この日の神奈川工科大学KAITスタジアムのネット裏には3球団のスカウトの姿。今季は数試合を除いて無観客試合となっているだけに、否が応でもその存在には気づく。それでも渡部は「チームのことだけを考えました」と第1打席では追い込まれてから粘りに粘った。最後は見逃し三振に倒れるも、以降に打線が爆発し、一挙9得点のビッグイニングの呼び水となった。

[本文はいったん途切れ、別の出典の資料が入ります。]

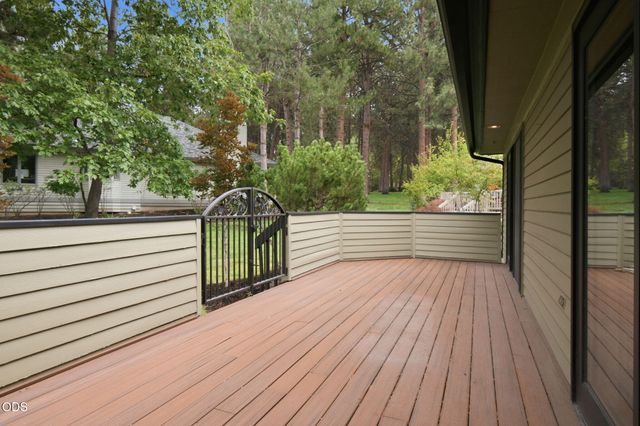 60750 Breckenridge Street, Bend, OR 97702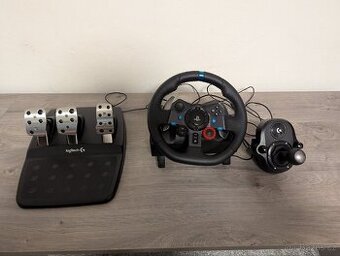 Volant Logitech g29 s pedály a řadící pákou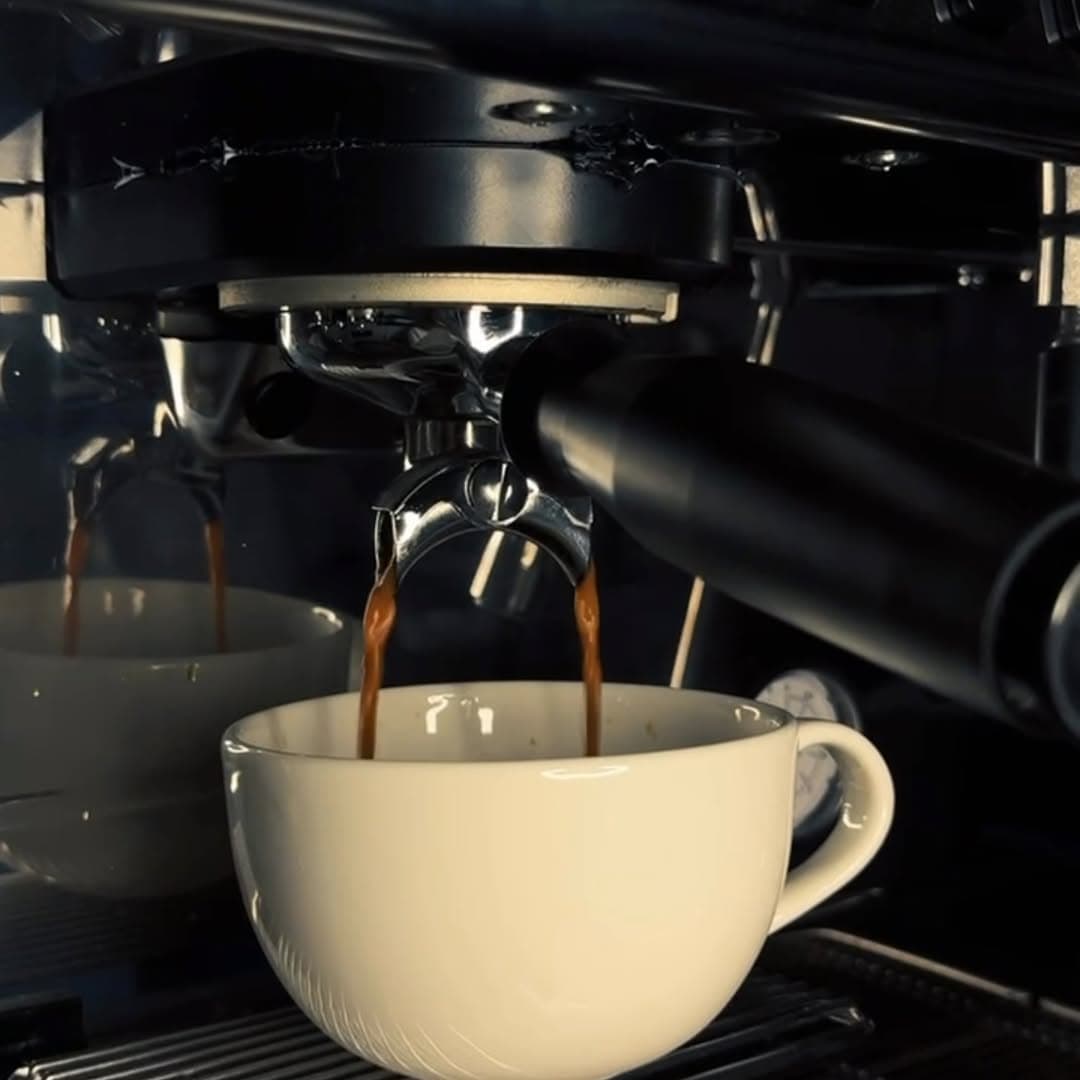 Gustav'ın makinesinden fincana akan espresso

第2打席には四球を選び、第3打席では身軽に疾走して内野安打。第4打席はサードゴロに倒れたが、この日最後になる可能性の高かった8回の第5打席でこれ以上ないアピールとなる特大の一打を放ったのだった。
アピールは走攻守すべて
チームの2季ぶり12回目の優勝が決まり、桐蔭横浜大の齊藤博久監督も「あんなに打っていても浮つくところもなく、しっかりと振り込むなど謙虚にやってくれました」と称賛。渡部も「チームのためにとずっと思っていたので優勝できて嬉しいの一言です。(ドラフトに向けては)走攻守全部をアピールしようとやってきました」と充実の表情を浮かべた。
10月26日のドラフト会議前最後となる24日の鶴見大戦で、リーグ新記録の金字塔を打ち立てるのか。4年越しの雪辱に向けて大きな体に大きな希望を持って運命の時を待つ。